Le baptême (et ses avatars dans d'autres religions), s'il peut paraître
bien anodin, pose problème en tant que premier acte d'une longue série de rites
d'appartenance et d'étapes d'endoctrinement. Il accrédite l'idée qu'il est
normal que de jeunes enfants héritent automatiquement et sans leur consentement
de la religion de leurs parents. Par ailleurs le baptême n'est pas juste une
cérémonie privée impliquant uniquement le libre choix des parents, c'est une
initiation officielle pratiquée par des autorités religieuses dont les
motivations profondes peuvent être très éloignées de celles des parents, et qui
l'utilisent pour s'assurer un endoctrinement et un recrutement optimal de la
génération suivante. Le principe même du baptême étant donc en contradiction
patente avec la liberté de conscience, il faut y renoncer. Au-delà du baptême
et de la circoncision, ce sont toutes les formes d'endoctrinement et
d'initiation précoces qui sont à bannir: catéchisme, professions de foi,
communions…
La France s'honorerait en garantissant à tous ses enfants la liberté de
conscience, liberté qui leur est déjà acquise en droit mais qui a été
systématiquement bafouée jusqu'à présent.

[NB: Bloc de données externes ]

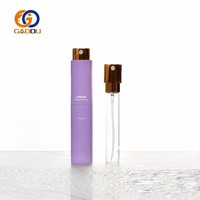 Flacon vaporisateur de parfum de poche rechargeable, mini, coloré, portable, de haute qualité, populaire en usine, pour voyage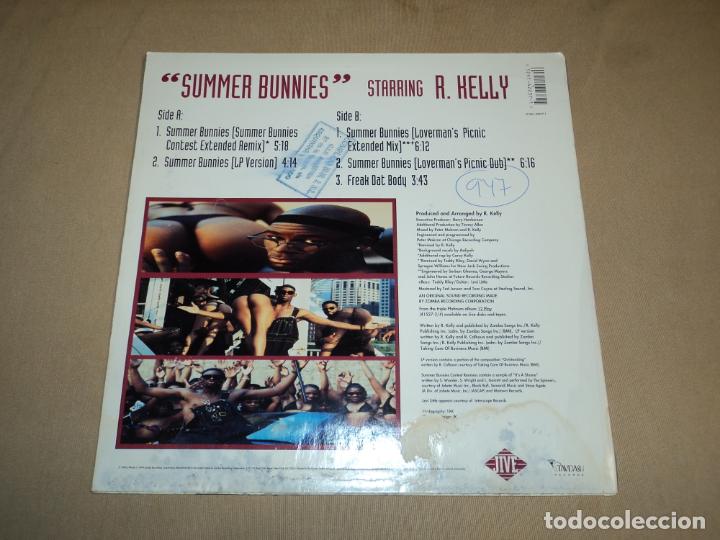 Discos de vinilo: R. Kelly - Summer Bunnies - Foto 2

Il est donc temps d'envisager
sérieusement d'interdire tous les rites impliquant l'appartenance d'enfants à
une religion et toutes les formes d'endoctrinement religieux, soit jusqu'à
l'âge de leur majorité civile, soit jusqu'à l'âge d'une majorité religieuse qui
serait à définir par le législateur, mais dont on comprendrait mal qu'il puisse
être inférieur à celui de la majorité sexuelle.